Mary O’Connell examines the role of socially constructed masculinity in John Updike’s Rabbit tetralogy—Rabbit Run, Rabbit Redux, Rabbit Is Rich, and Rabbit at Rest—which comprises the longest and most comprehensive representation of masculinity in American literature and places Updike firmly with the precursors of the contemporary movement among men to reevaluate their cultural inheritance.
A disturbing element exists, O’Connell determines, in both the texts of the Rabbit novels and in the critical community that examines them. In the novels, O’Connell finds substantial evidence to demonstrate patterns of psychological and physical abuse toward women, citing as the culminating example the mounting toll of literally or metaphorically dead women in the texts. Critics who characterize Updike as a nonviolent writer who strangely overlooks Rabbit’s repressive and violent behaviors avoid a discomforting but crucial aspect of Updike’s portrait.
Because the critical verdict of nonviolence in Updike’s novels contrasts sharply with the string of female corpses, O’Connell deems that something within the text or culture—or both—is seriously amiss.
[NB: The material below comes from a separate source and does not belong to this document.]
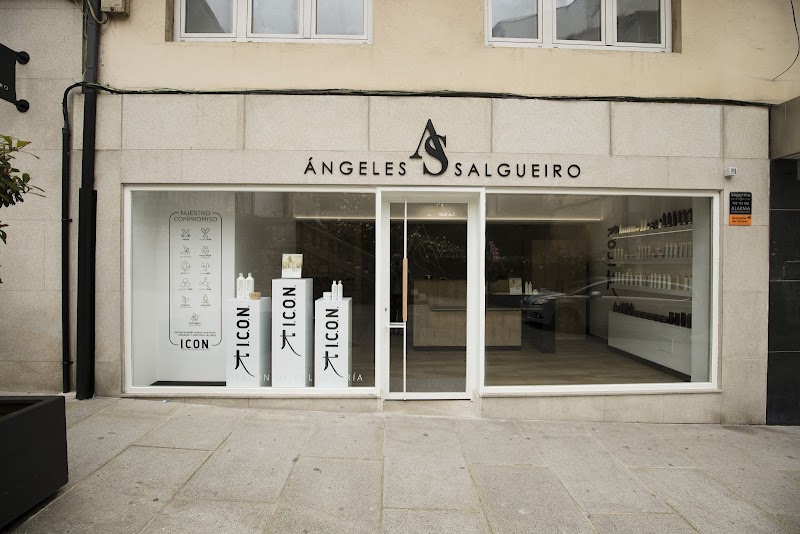 Peluquería Ángeles Salgueiro photo 2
Although she examines negative aspects of Rabbit’s behavior, O’Connell avoids the oversimplification of labeling Updike a misogynist. Instead, she looks closely at the forces shaping Rabbit’s gender identity as well as at the ways he experiences masculinity and the ways his gender identity affects his personal and spiritual development, his relationships, and, ultimately, his society. She shows how Updike challenges stereotypical masculinity, revealing its limitations and proscriptions as the source of much unhappiness for both men and women. Further, she substantiates the relation between gender, form, structure, perspective, and language use in the novels, alerting the reader to the ambivalence arising from the male author’s examination of masculinity.
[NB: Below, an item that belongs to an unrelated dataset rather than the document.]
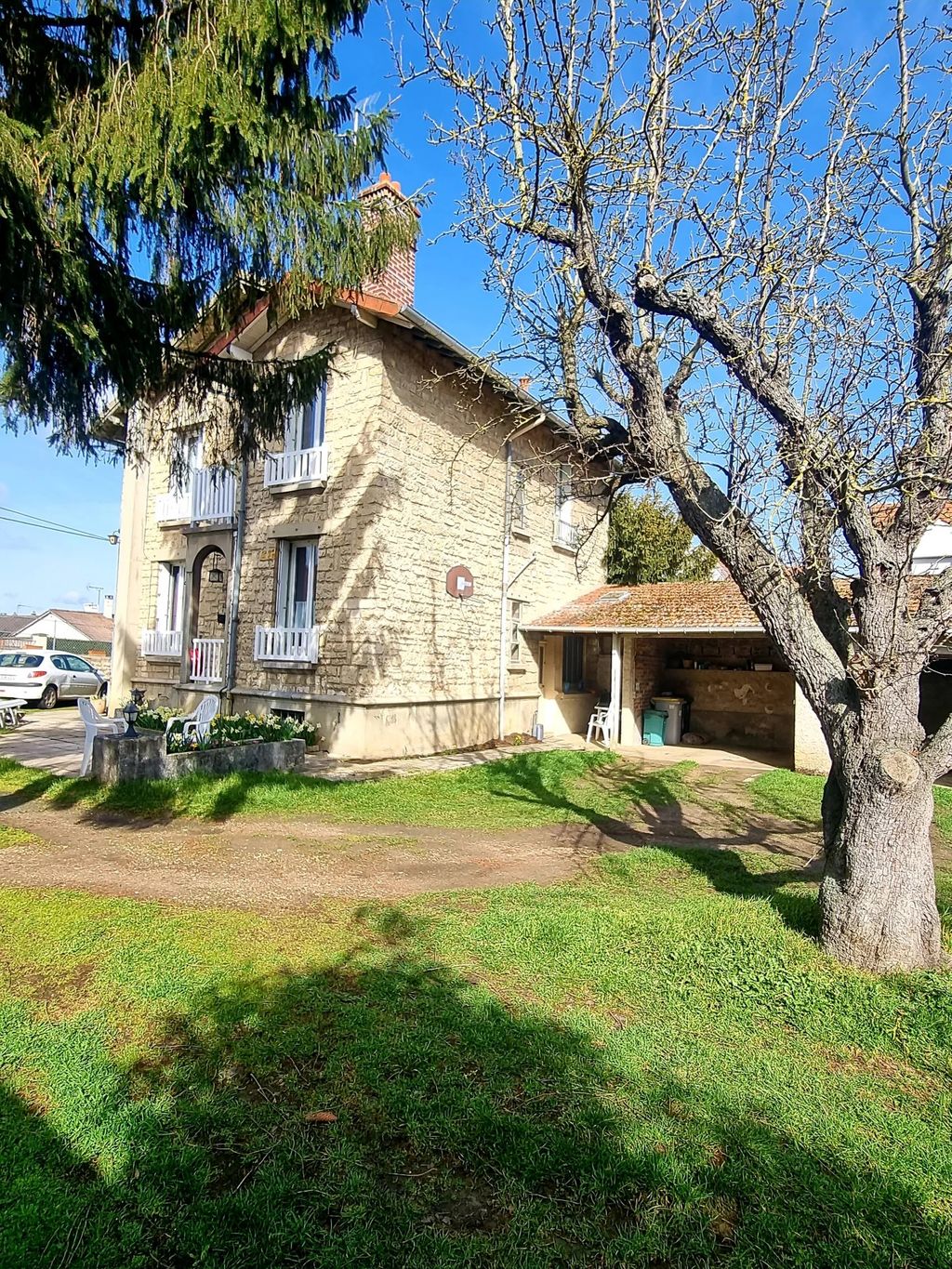 Achat maison à vendre 3 chambres 106 m² - Mézières-sur-Seine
O’Connell maintains that Updike does more than write Rabbit as a stereotypical male; he instead explores in depth his character’s habitually flawed ways of seeing and responding to the world. As she discusses these issues, O’Connell uses the term patriarchy in its broadest sense to refer to the practice of centralizing the male and marginalizing the female in all areas of human life. Patriarchal ideology—the assumptions, values, ideas, and patterns of thought that perpetuate the arrangement—is written as hidden text, permeating every aspect of culture, particularly language, from which it spreads to other signifying systems.
Contrary to conventional critical wisdom, Updike is not a straightforward writer; the Rabbit novels create meaning by challenging, undermining, and qualifying their own explicit content. Updike claims that his novels are "moral debates with the reader," and according to O’Connell, the resisting reader, active and skeptical, is the one most likely to discover what Rabbit conceals and to register the nuances of layered discourse.